U.S. stock markets are set to open unchanged after China reported weak industrial production numbers, retail sales, and fixed assets investments. Federal Reserve Chairman Powell will testify before the House Budget Committee, and Wall Street will hope he continues to feel a “sustained expansion” ahead for the U.S. Economy.
The S&P 500 remained in an eight-day trading range of 3050.72-3097.77 and closed Wednesday at 3094.04. Volume continues to be lower than average, and the RSI index is still just under the overbought level of 70. We continue to believe the next move could possibly be higher out of the trading range to a new all-time high.
We are currently long term bullish and short term bullish.
John N. Lilly III
Accredited Portfolio Management Advisor℠
Accredited Asset Management Specialist℠
Portfolio Manager, RJ
Dominguez & Jones Wealth Management Group
The Relative Strength Index (RSI), developed by J. Welles Wilder, is a momentum oscillator that measures the speed and changes of price movements.

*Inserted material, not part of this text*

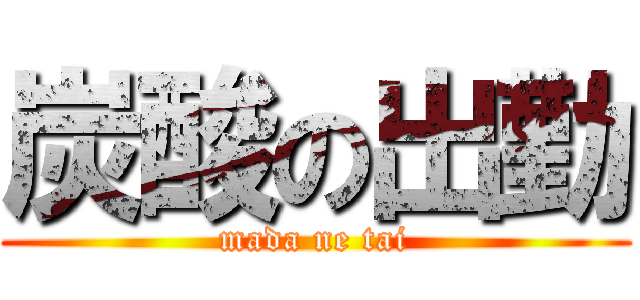 炭酸の出勤 (mada ne tai)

The S&P 500 is an unmanaged index of 500 widely held stocks that is generally considered representative of the U.S stock market. Past performance may not be indicative of future results. Keep in mind that individuals cannot invest directly in any index, and index performance does not include transaction costs or other fees, which will affect actual investment performance. Individual investors’ results will vary. Opinions expressed are those of the author John N. Lilly III, and not necessarily those of Raymond James. “There is no guarantee that these statements, opinions or forecast provided herein will prove to be correct. “The information contained was received from sources believed to be reliable, but accuracy is not guaranteed. Investing always involves risk and you may incur a profit or loss. No investment strategy can guarantee success. The charts and/or tables presented herein are for illustrative purposes only and should not be considered as the sole basis for your investment decision. International investing involves special risks, including currency fluctuations, different financial accounting standards, and possible political and economic volatility. Investing in emerging markets can be riskier than investing in well-established foreign markets.